Shoppers are able to use Klarna at around 3,500 UK shops, with the company partnering with household names like Asos, H&M, JD Sports, Missguided and Topshop. 

Klarna said the average pay later customer in Britain used it 8.6 times in 2018, while its global sales increased 36 per cent year-on-year last year.

Klarna’s sales pitch to retailers is that it makes shoppers spend more – and more often – while offering its users different ways of going shopping before payday. 

Its primary service allows users to pay for items up to a month after they’ve bought them, a service it claims comes with no interest rates, fees or charges, or formal credit applications.

However, non-payment will likely harm your credit score and Klarna will pass you onto debt collectors if you don’t pay after a certain period – usually 120 days after your initial deadline.

In order to use the service you just need a UK bank account and address, your date of birth and to be over 18.

It also comes with a ‘Slice It’ option, offered at a smaller number of retailers. This allows customers the opportunity to spread the cost of a payment into separate monthly payments. 
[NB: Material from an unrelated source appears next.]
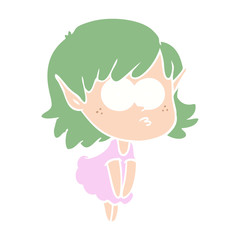 flat color style cartoon elf girl staring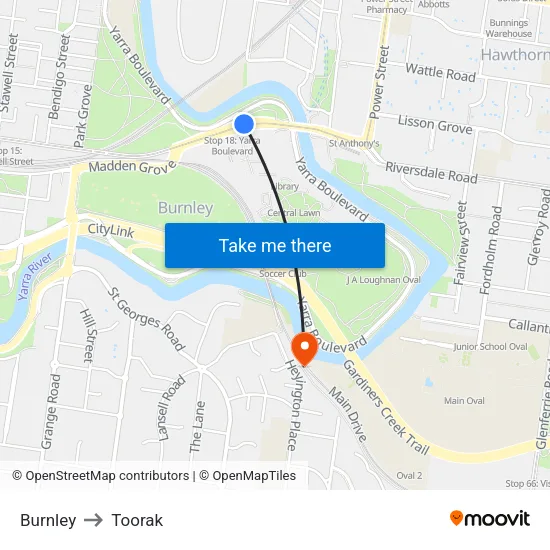 Burnley to Toorak map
This does require a hard credit check and credit agreement, and includes an interest rate of 18.9 per cent – which will be added to your bill if you don’t make the interest-saver payments.

Finally, it offers a ‘Slice it in Three’ option, available at the likes of Dorothy Perkins and JD Sports, which allows shoppers to split a purchase into three equal payments. 

Klarna said retailers saw a 55 per cent increase in the average value of each online order after adopting it.

Luke Griffiths, UK general manager of Klarna, said: ‘2018 has been a phenomenal year for us. 

‘Klarna has led the market in establishing an entirely new category with “pay later” that has proved hugely popular with today’s savvy consumers expecting more flexible, personalised and intuitive ways to shop.

‘As a result, in response to demand from customers, we’ve seen a significant rise in the number of retailers adopting Klarna solutions in the last 12 months. 

‘The UK has significantly contributed to Klarna’s global growth with new merchants and heightened consumer usage, which have increased our UK footprint dramatically.

‘This winning formula will support our continued success through 2019 and beyond.’

Globally, Klarna said it attracted 26million new users and 14,498 new merchants last year. 

Despite its impressive growth figures, its operating profit in 2018 was just £13.5million. The fintech is yet to go public but was valued at nearly £2billion in 2017.

This is Money previously covered Klarna in detail at the start of this year, including whether it’s a potential debt trap.

Meanwhile, we also covered a similar service – Laybuy – that has partnered with retailer Footasylum after arriving from its native New Zealand.